Retype, exactly as they stand, the lines from the start of the data to the line that contains "When a director", both ends included. Leave the pictures out.

▸ COLLECTED DATA:
Content starts

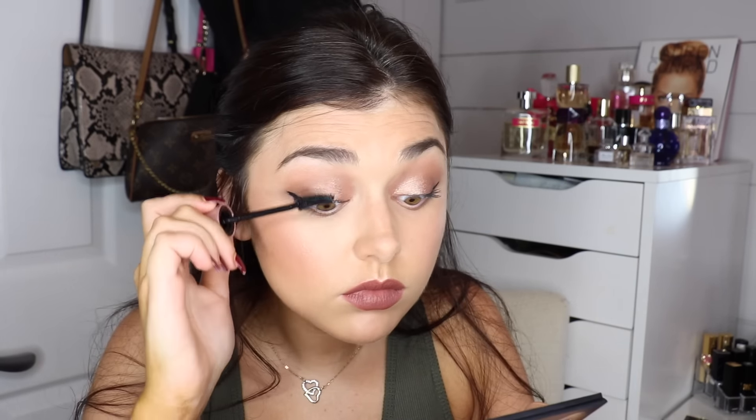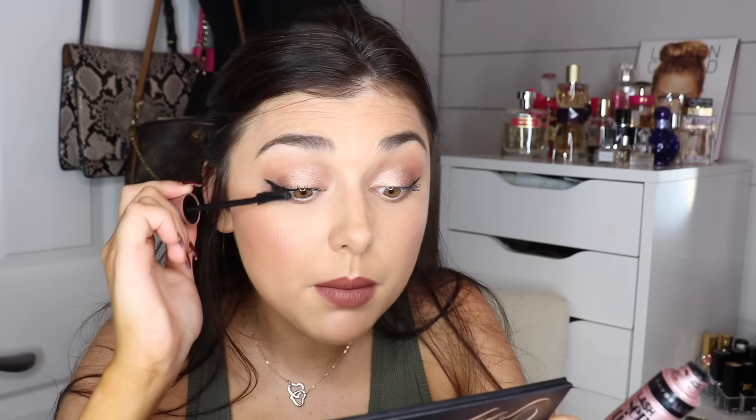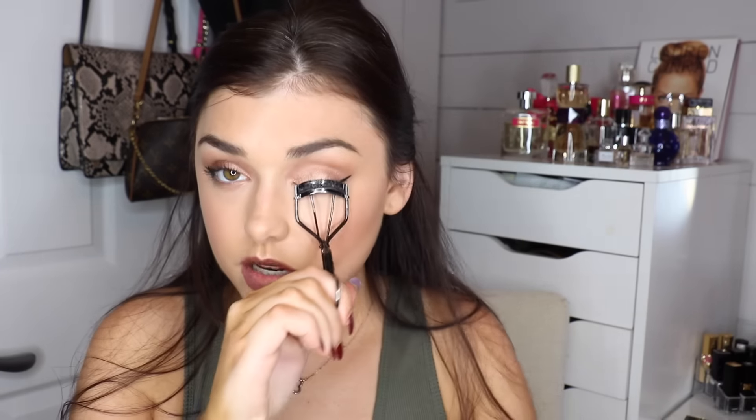Now for mascara, I'm going to use the Lash Sensational from Maybelline, but first I'm going to curl my lashes again. The Lash Sensational is my favorite mascara on its own. The liner smudged a little so I'll clean that up. Paired with the Dior Lash Primer, it ensures my curl stays all day and makes my lashes look more dramatic. You could definitely wear false lashes with this look, but since it's a daytime glam look I prefer to keep it more wearable.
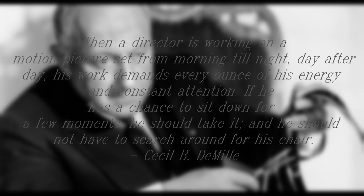When a director is working on a motion picture set, from morning till night, day after day, his work demands every ounce of his energy and constant attention. If he has the chance to sit down for a few moments, he should take it, and he should not have to search around for his chair.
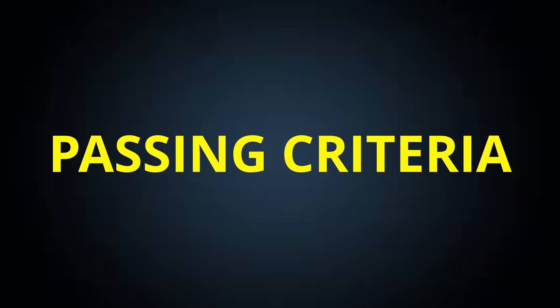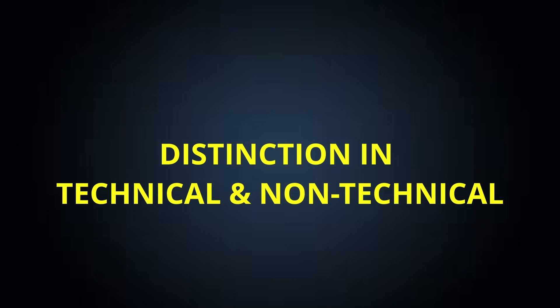Now, as you prepare for and give this exam, the most important thing is the passing criteria. To crack this exam, you need to have a distinction in both sections — technical and non-technical. But if you don't get a distinction in one section, the most beautiful part of this exam is that you don't need to retake the section you already cleared. For example, if you cleared the technical section but not the non-technical, next time you only need to give the non-technical section.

Content ends

▸ TASK ANSWER:
Now for mascara, I'm going to use the Lash Sensational from Maybelline, but first I'm going to curl my lashes again. The Lash Sensational is my favorite mascara on its own. The liner smudged a little so I'll clean that up. Paired with the Dior Lash Primer, it ensures my curl stays all day and makes my lashes look more dramatic. You could definitely wear false lashes with this look, but since it's a daytime glam look I prefer to keep it more wearable.
When a director is working on a motion picture set, from morning till night, day after day, his work demands every ounce of his energy and constant attention. If he has the chance to sit down for a few moments, he should take it, and he should not have to search around for his chair.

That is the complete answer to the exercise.